Directions for this task — Print the full set of records below, character for character and picture-free.

Information —
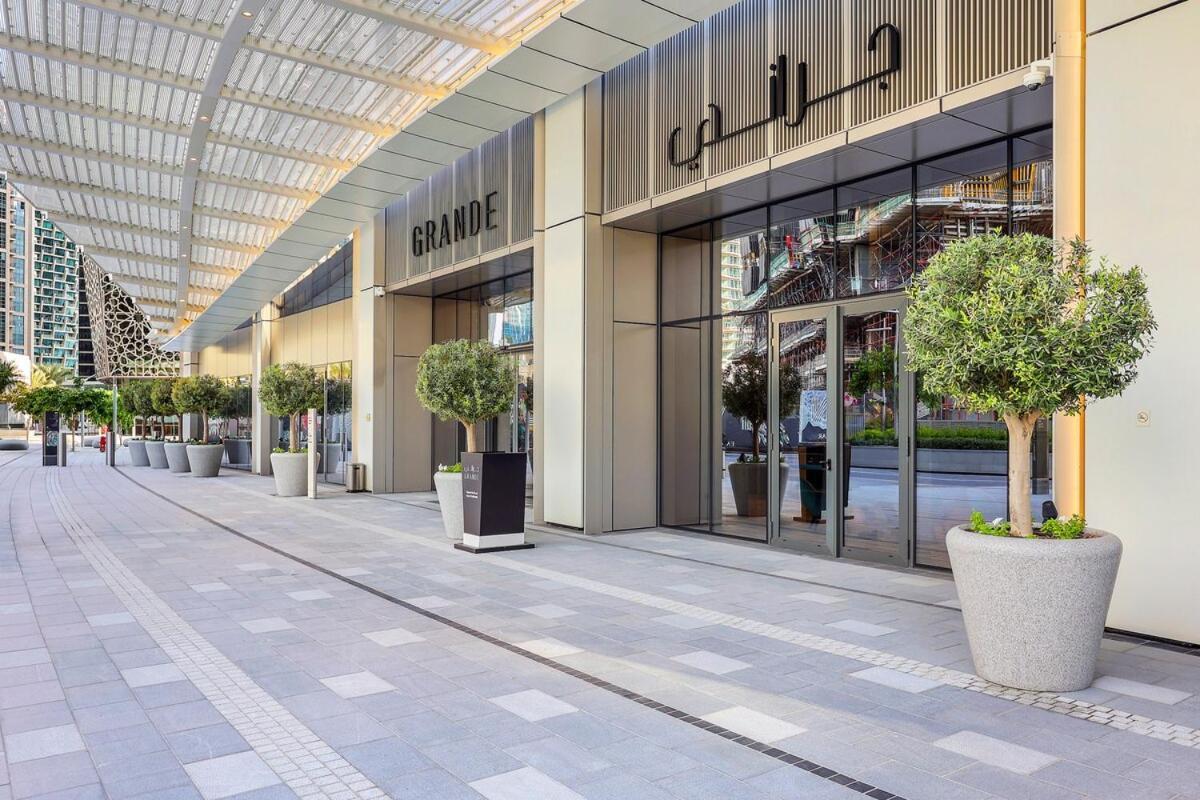 Apartment First Class 2br Luxurious Downtown Bliss Dubai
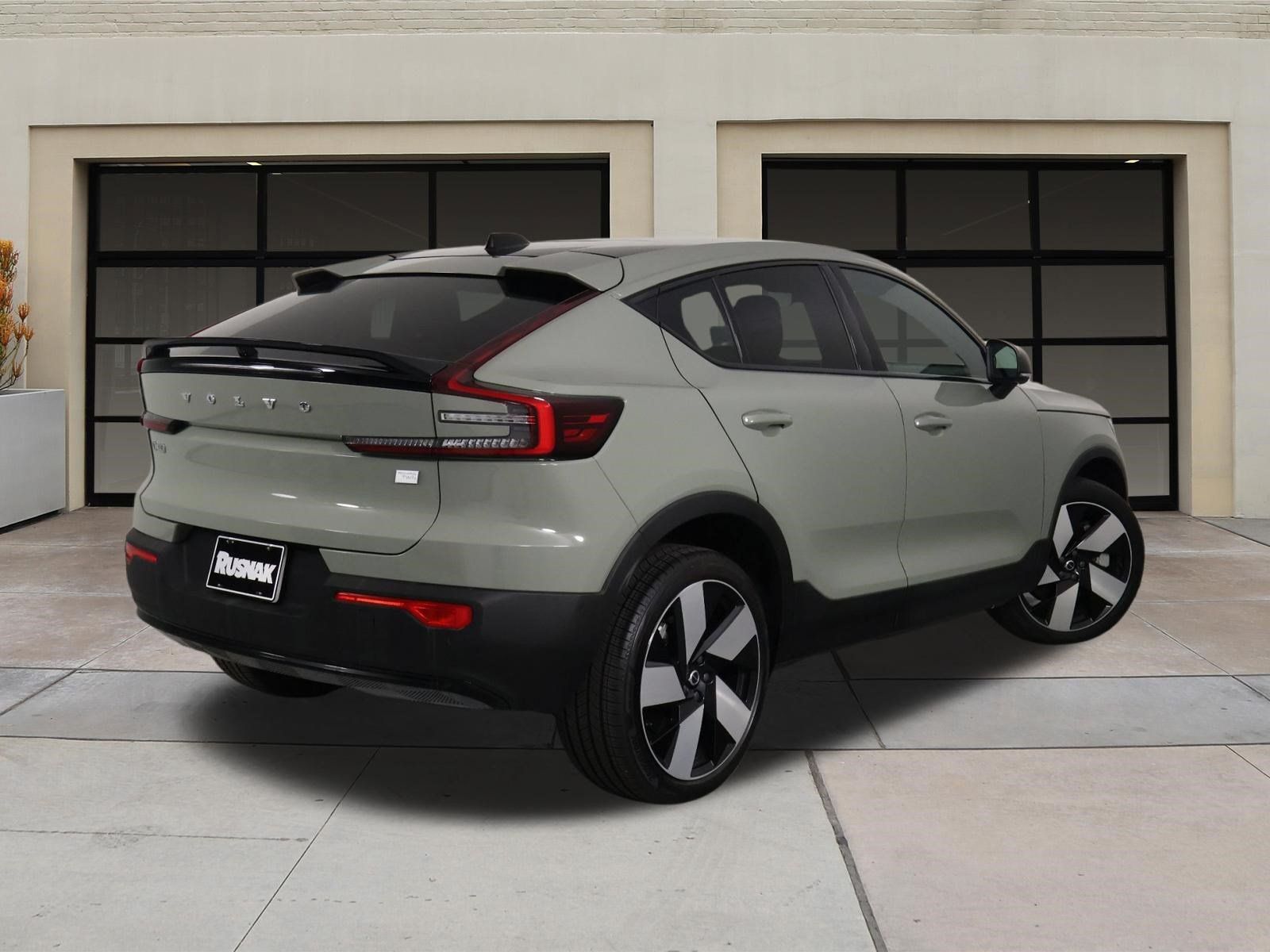 Used 2023 Volvo C40 P8 Recharge Ultimate AWD/4WD image 4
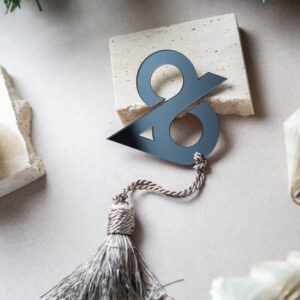 Γούρι 26 | Ανθρακί Καθρέπτη Plexiglass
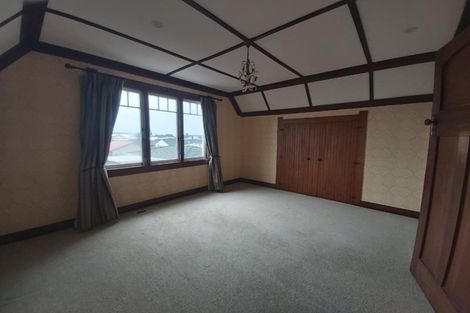 Photo of property in 35 Victoria Street, Hawera, 4610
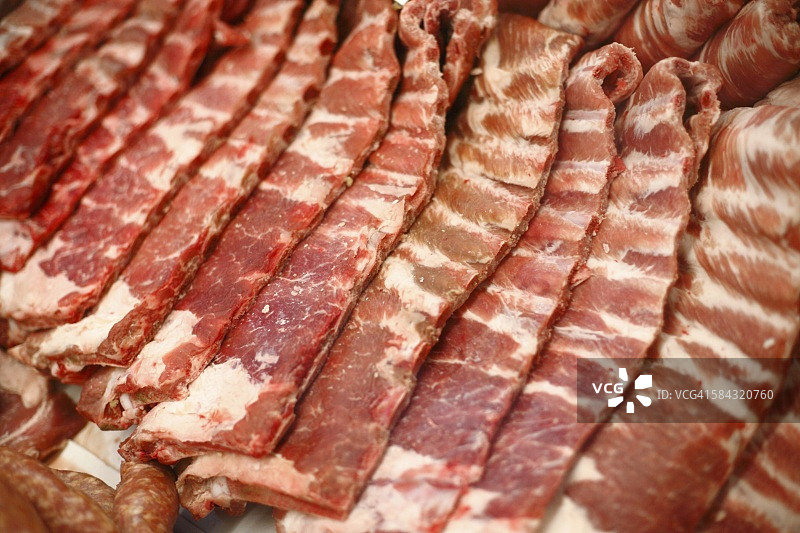 市场展示柜中的猪排图片素材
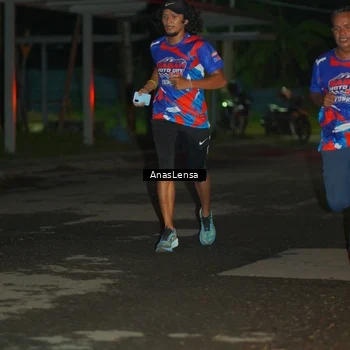 Runner Photo 6038606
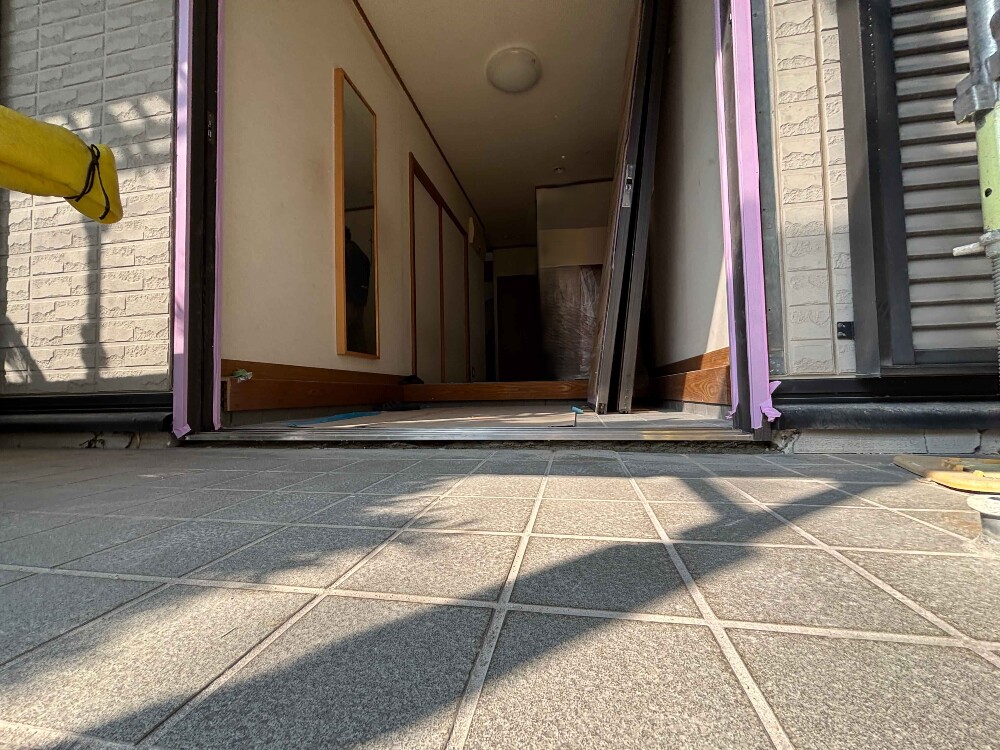 玄関サッシを開き戸から引戸に変更しました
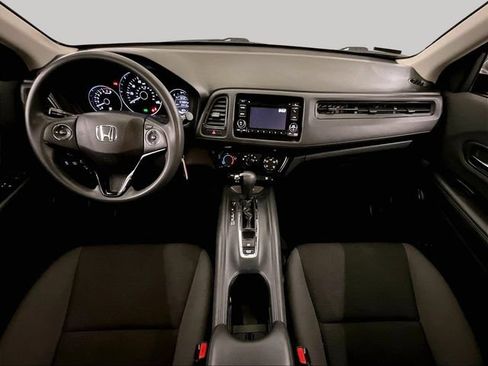 Used 2020 Honda HR-V LX image 14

Written reply —
 Apartment First Class 2br Luxurious Downtown Bliss Dubai
 Used 2023 Volvo C40 P8 Recharge Ultimate AWD/4WD image 4
 Γούρι 26 | Ανθρακί Καθρέπτη Plexiglass
 Photo of property in 35 Victoria Street, Hawera, 4610
 市场展示柜中的猪排图片素材
 Runner Photo 6038606
 玄関サッシを開き戸から引戸に変更しました
 Used 2020 Honda HR-V LX image 14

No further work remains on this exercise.